- _Task material_:
______

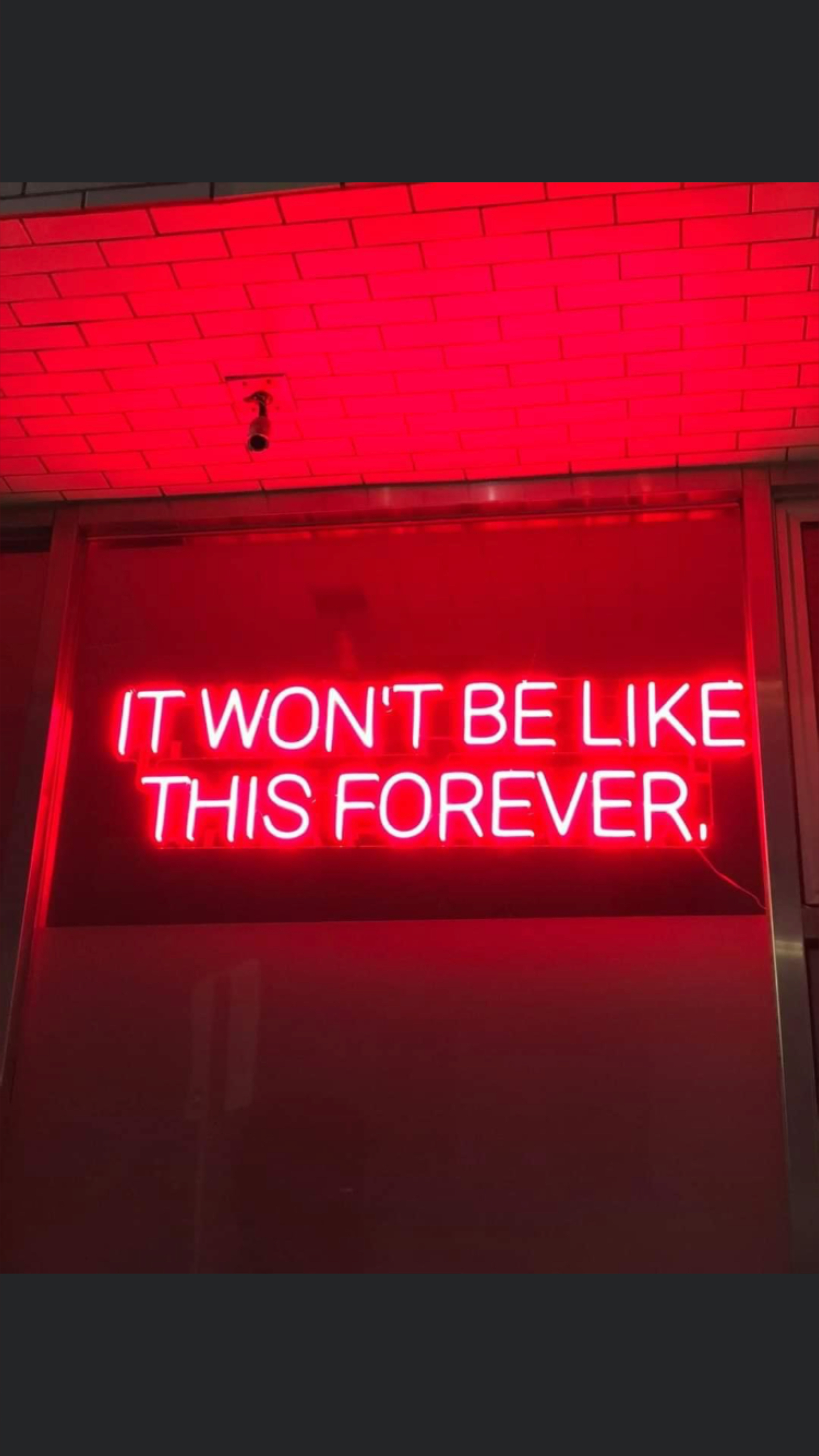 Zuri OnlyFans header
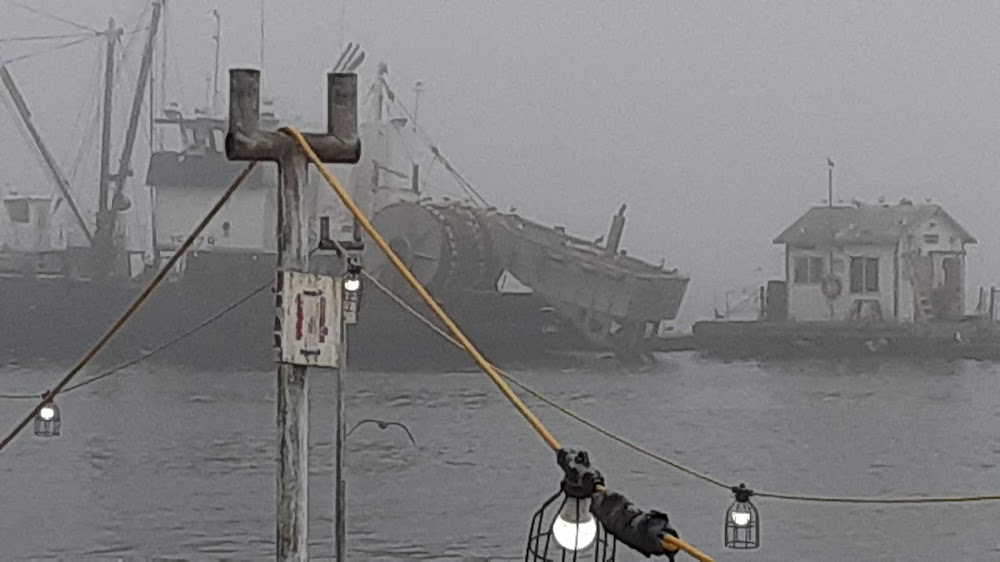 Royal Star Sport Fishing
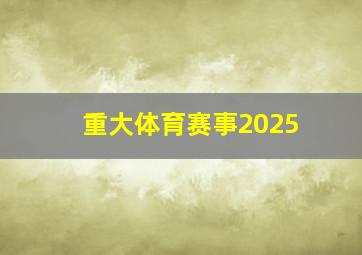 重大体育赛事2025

______

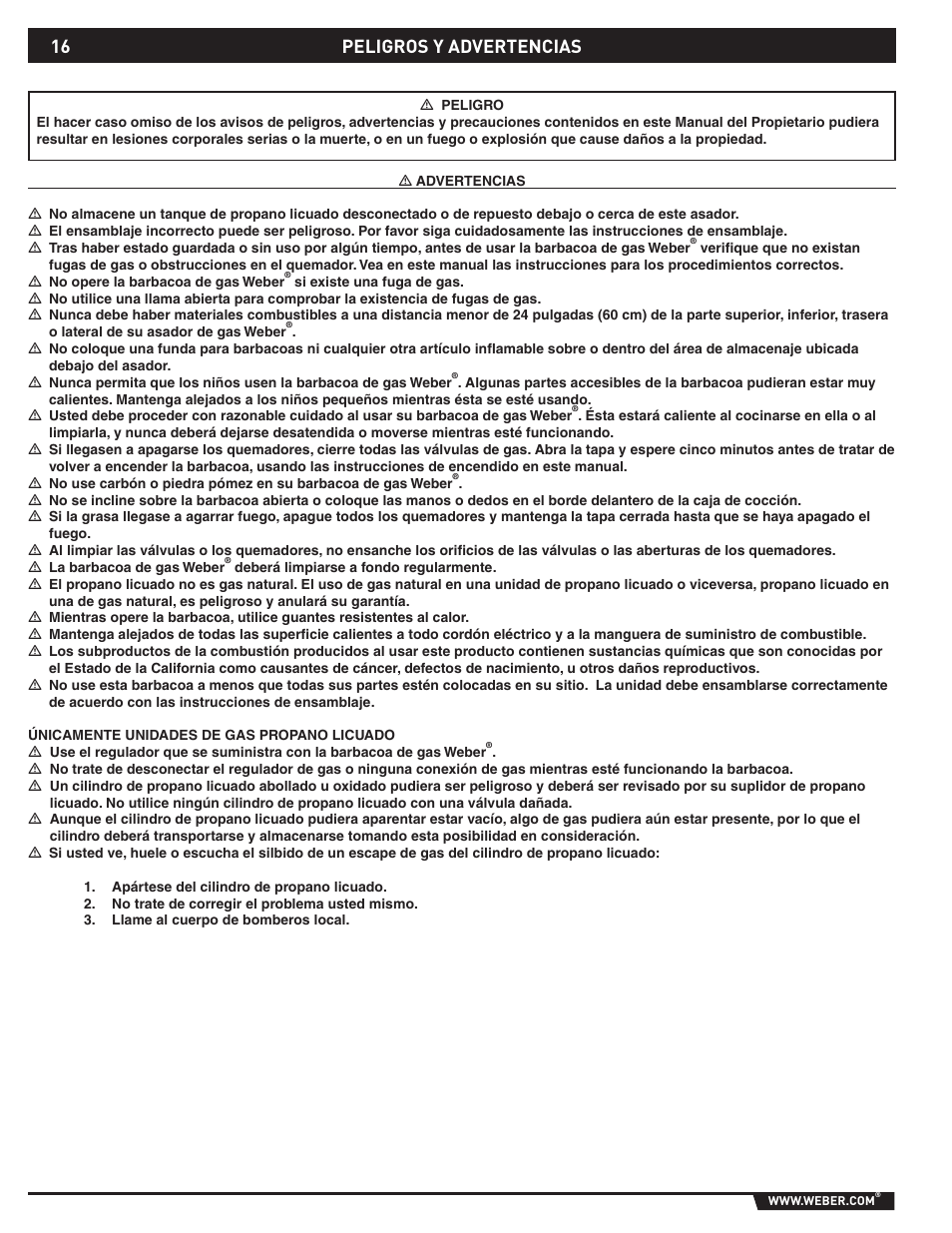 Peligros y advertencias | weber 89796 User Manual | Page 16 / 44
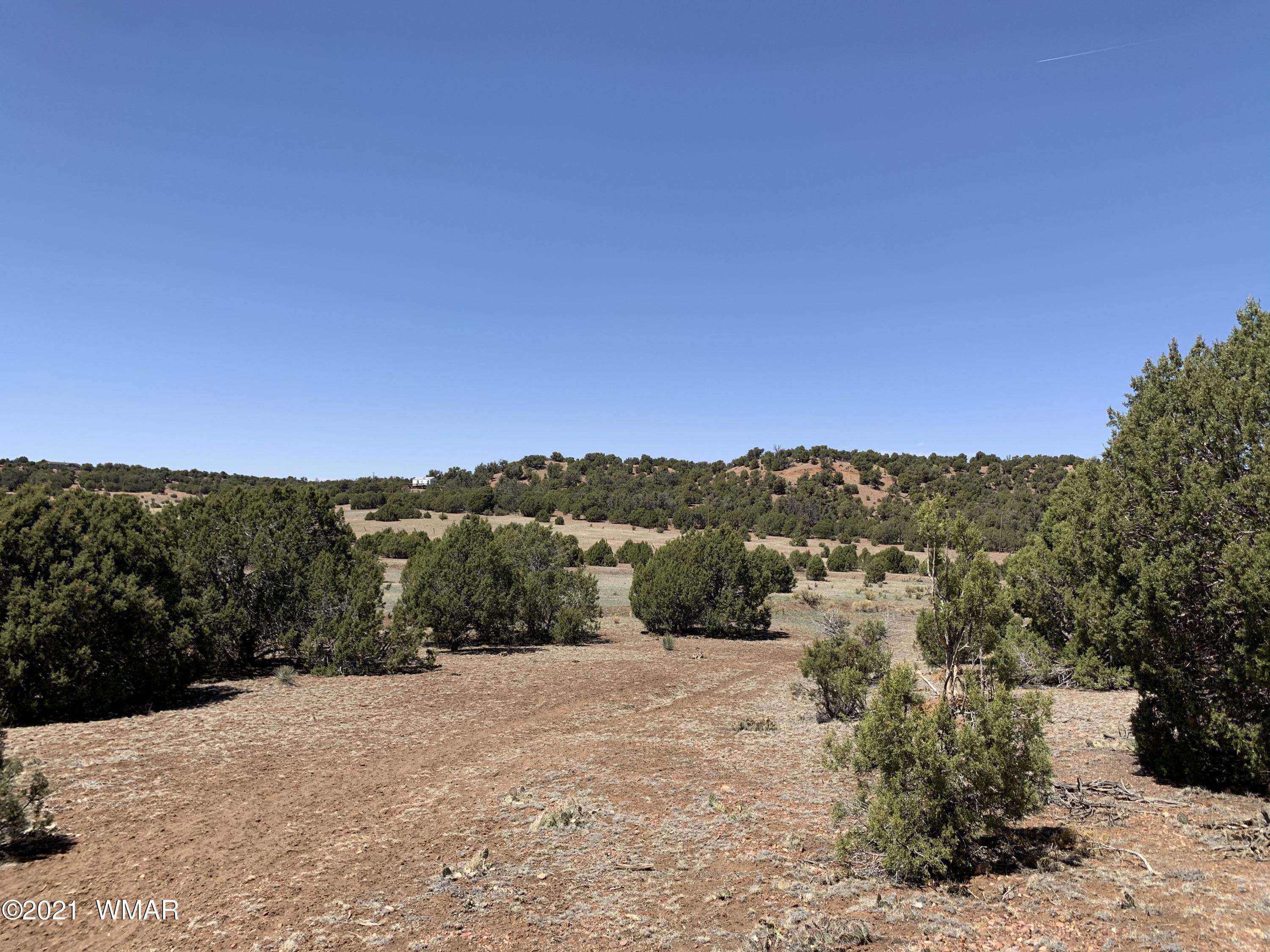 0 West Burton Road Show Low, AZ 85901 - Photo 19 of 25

______

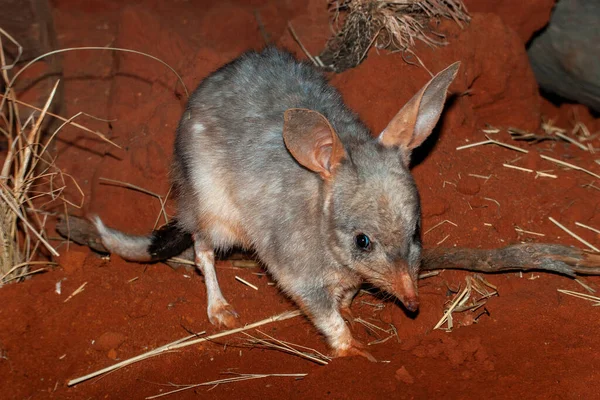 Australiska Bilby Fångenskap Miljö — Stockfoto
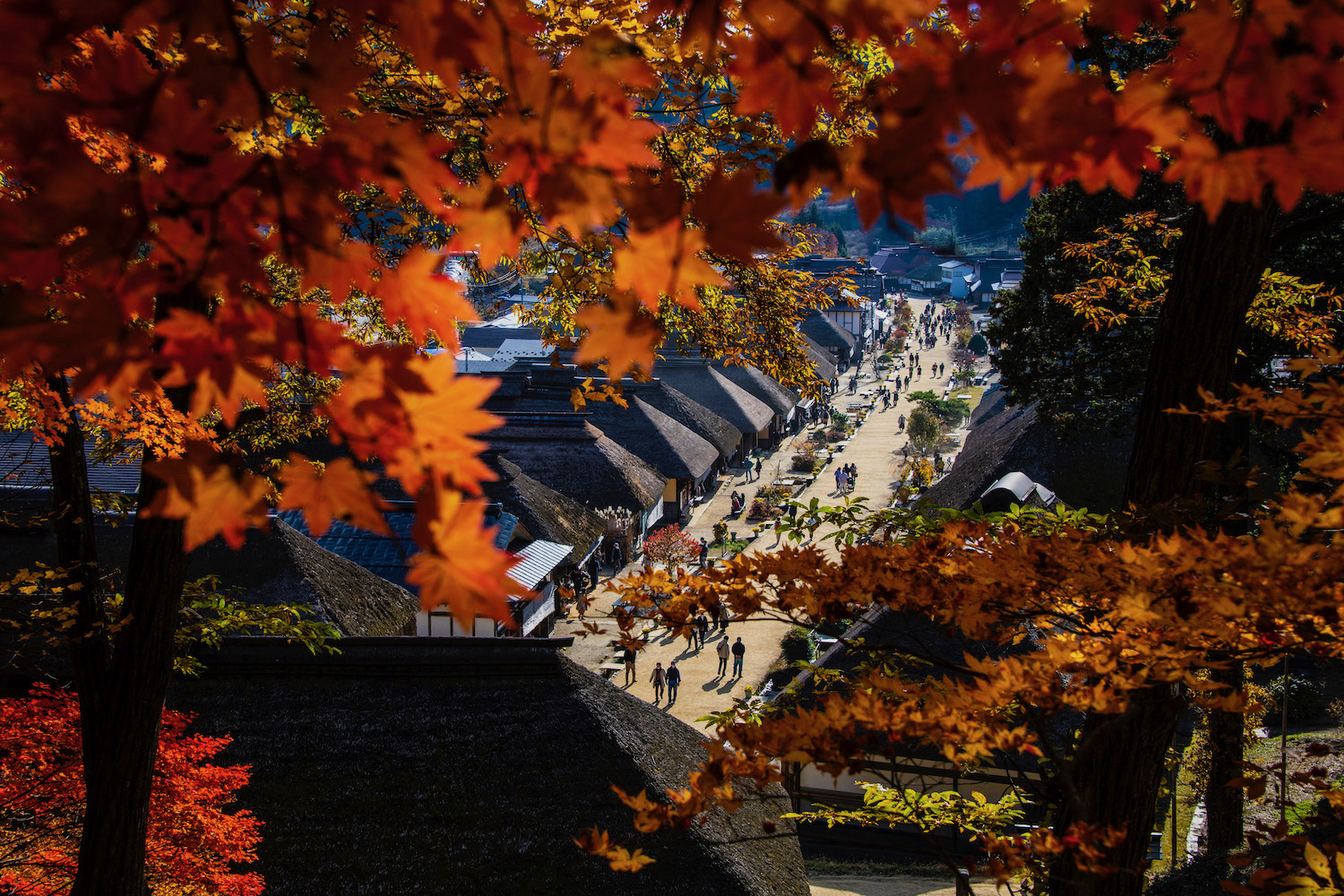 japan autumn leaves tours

______

- _Your objective_:
The answer is the lines above from the one with "Australiska Bilby Fångenskap" to the one with "japan autumn leaves tours", set down exactly, with no pictures.

- _Task output_:
 Australiska Bilby Fångenskap Miljö — Stockfoto
 japan autumn leaves tours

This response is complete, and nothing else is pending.